Des centaines d'éleveurs en colère contre la faiblesse des prix de leurs productions bloquaient lundi les routes d'accès à Caen et au Mont Saint-Michel, réclamant la venue du ministre de l'Agriculture, Stéphane Le Foll, qui a dit attendre jeudi pour les recevoir à Paris.
Quelque 400 agriculteurs, selon un éleveur sur place, bloquaient dans l'après-midi les principales voies d'accès au Mont Saint-Michel (Manche), un des sites touristiques les plus visités de France, mais laissaient ressortir les visiteurs. Une action "symbolique, pacifique, pour que les prix remontent" et faire comprendre au ministre de l'Agriculture que "la pression agricole ne va pas céder", a indiqué Jean-Baptiste Mainsard, un des manifestants.
L'objectif, selon lui, est d'appuyer l'action des éleveurs normands qui ont bloqué depuis 6h15 les accès à la ville de Caen, réclamant la venue de M. Le Foll. Celui-ci leur a proposé de les recevoir jeudi à Paris, quand il aura pris connaissance du rapport que le médiateur des prix, qu'il a désigné, doit lui remettre mercredi à 17H00.
"On reste sur notre position, on veut un ministre de terrain", a répondu Jean-Yves Heurtin, président de la FDSEA du Calvados.
"Le dialogue ne peut pas fonctionner ainsi", a réagi le Premier ministre, Manuel Valls. "La porte du bureau du ministre de l'Agriculture est ouverte en permanence, Stéphane Le Foll va au contact régulièrement des éleveurs mais là, il s'agit de trouver d'abord des solutions concrètes et précises pour les filières", a-t-il dit.

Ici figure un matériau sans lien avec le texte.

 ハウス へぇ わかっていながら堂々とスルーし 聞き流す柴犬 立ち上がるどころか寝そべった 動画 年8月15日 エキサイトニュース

Pour Samuel Bidert, manifestant et responsable des Jeunes agriculteurs, les éleveurs "ont besoin d'y voir clair: nous, on connaît les prix à la sortie de nos fermes et les prix aux consommateurs, mais entre les deux, chaque intermédiaire fait sa marge, sauf l'éleveur".
Le lait est payé 300 euros la tonne (soit 30 centimes le litre) aux éleveurs: "il m'en faudrait 370 pour vivre dignement sans dépendre de ma femme et 340, 350 pour payer mes charges, sans me verser de salaire".
Le rapport du médiateur est très attendu car depuis la conclusion mi-juin par toute la filière d'un accord visant à augmenter les prix payés aux producteurs de viande bovine, les prix n'ont pas significativement augmenté.
Les éleveurs de porcs subissent une crise similaire depuis plusieurs mois et 400 exploitations bretonnes seraient au bord du dépôt de bilan, selon la FNSEA. Le ministère de l'Agriculture estime que 20.000 exploitations, soit 10% des éleveurs, sont en difficulté.
Le médiateur doit comprendre qui des industriels ou des distributeurs freine les hausses de prix convenues.
- 'Le pot aux roses' -
La grande distribution désigne ouvertement les industriels. "Nous avons accepté d'augmenter les prix d'achat de manière importante () Visiblement cet argent ne va pas dans la poche des éleveurs", a jugé sur iTÉLÉ Jacques Creyssel, délégué général de la Fédération du commerce et de la distribution (qui regroupe les principales enseignes sauf Leclerc et Intermarché).
"Aux termes de la loi, la GMS (les grandes et moyennes surfaces) peut vérifier si les industriels respectent l'accord de hausse" et, de même, "si un industriel dit avoir du mal à répercuter la hausse aux distributeurs, le médiateur peut intervenir", explique le président de la Fédération nationale bovine, Jean Pierre Fleury. Lui aussi attend mercredi: "on va découvrir le pot aux roses".
L'économiste et président de l'observatoire des prix, Philippe Chalmin, juge "facile" dans un entretien lundi au Figaro de désigner la grande distribution, "bouc émissaire idéal", mais ce n'est pas si simple.
"Le prix payé aux agriculteurs dépend moins du rapport de force avec la distribution que de la situation agricole au niveau européen, voire mondial. Le prix du lait dépend des ventes du néo-zélandais Fonterra, celui des céréales des aléas climatiques, celui de la viande de porc est affecté par l'embargo russe", assure-t-il.
Le mouvement sème la pagaille sur le réseau routier normand, les grands axes à destination de Caen étant fermés aux poids lourds.
Dans l'Eure, plusieurs dizaines d'éleveurs ont aussi bloqué lundi les abattoirs du Neubourg et trois grandes surfaces. Par ailleurs, unr cinquantaine de tracteurs ont mené une opération escargot sur la N165 entre Quimperlé et Quimper (Finistère), selon les JA.